DATASET EXCERPTS »
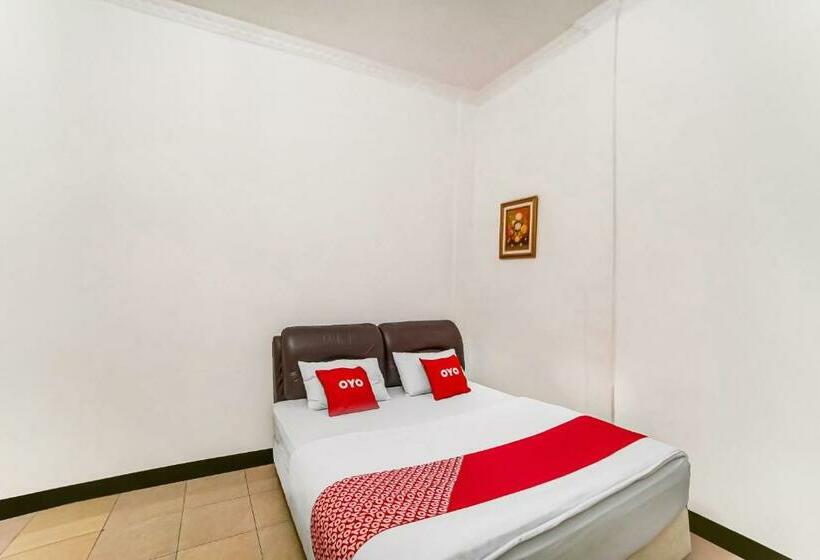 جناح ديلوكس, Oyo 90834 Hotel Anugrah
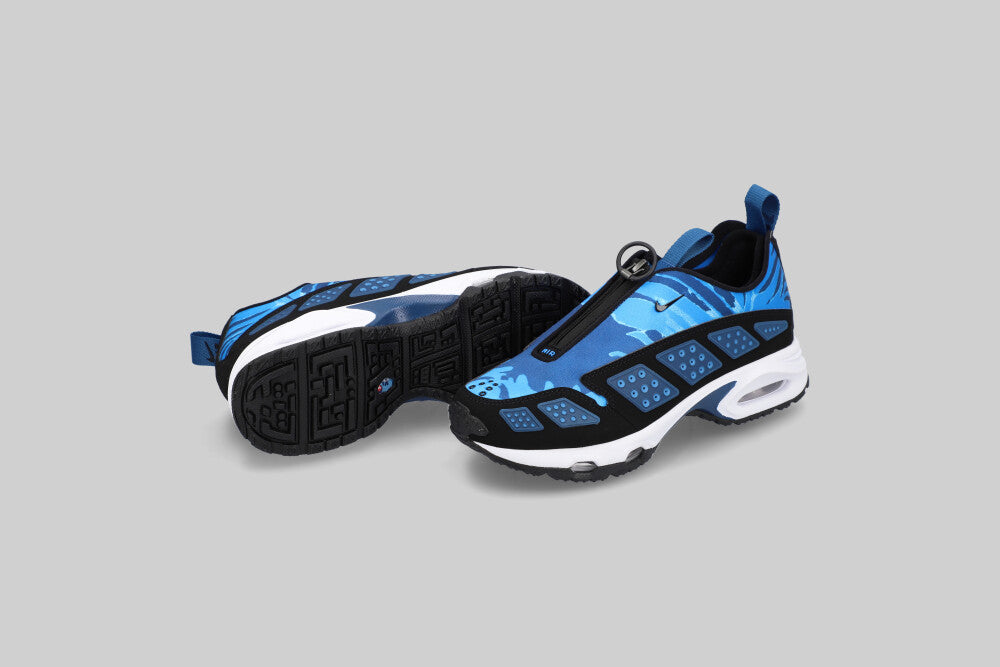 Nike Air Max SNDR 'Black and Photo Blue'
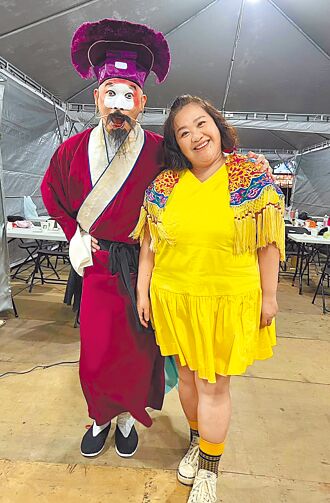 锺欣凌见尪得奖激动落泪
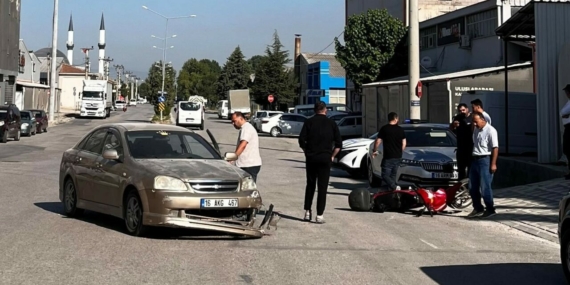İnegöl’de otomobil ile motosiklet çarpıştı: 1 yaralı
==
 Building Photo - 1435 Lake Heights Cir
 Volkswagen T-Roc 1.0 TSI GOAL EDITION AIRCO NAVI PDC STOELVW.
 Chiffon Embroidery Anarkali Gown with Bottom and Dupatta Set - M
...
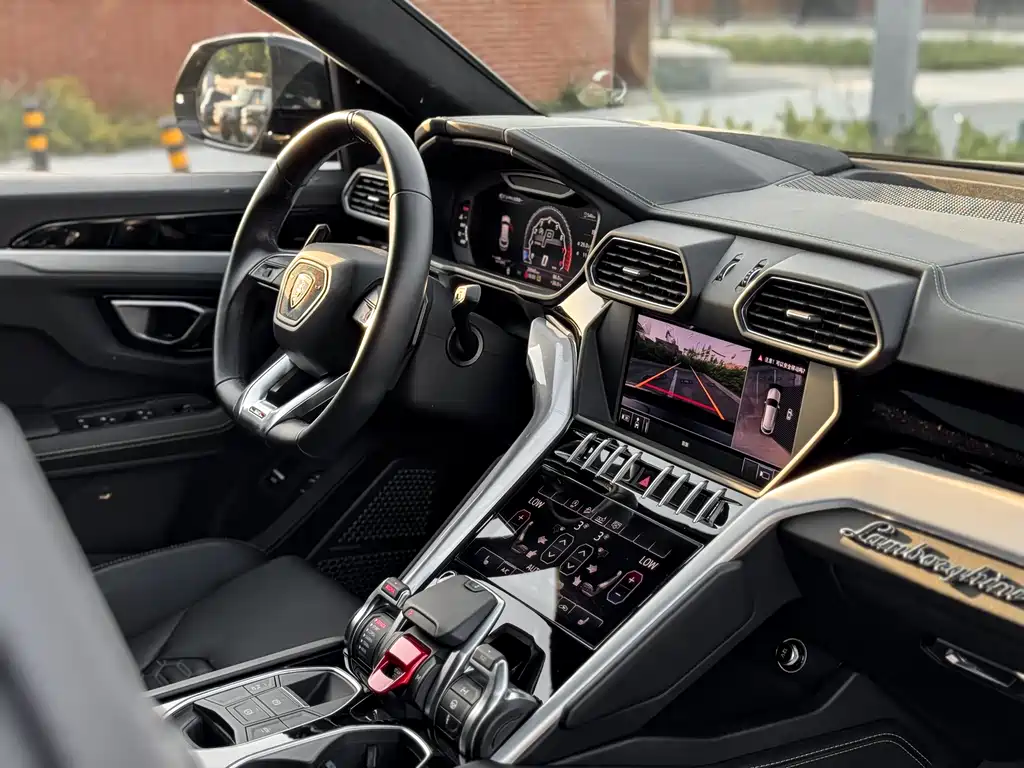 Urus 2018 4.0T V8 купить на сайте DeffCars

EXERCISE INSTRUCTIONS »
Of the entries above, repeat exactly the lines from the line with "Volkswagen T-Roc 1.0" through the line with "Chiffon Embroidery Anarkali", both of them included.

ANSWER SECTION »
 Volkswagen T-Roc 1.0 TSI GOAL EDITION AIRCO NAVI PDC STOELVW.
 Chiffon Embroidery Anarkali Gown with Bottom and Dupatta Set - M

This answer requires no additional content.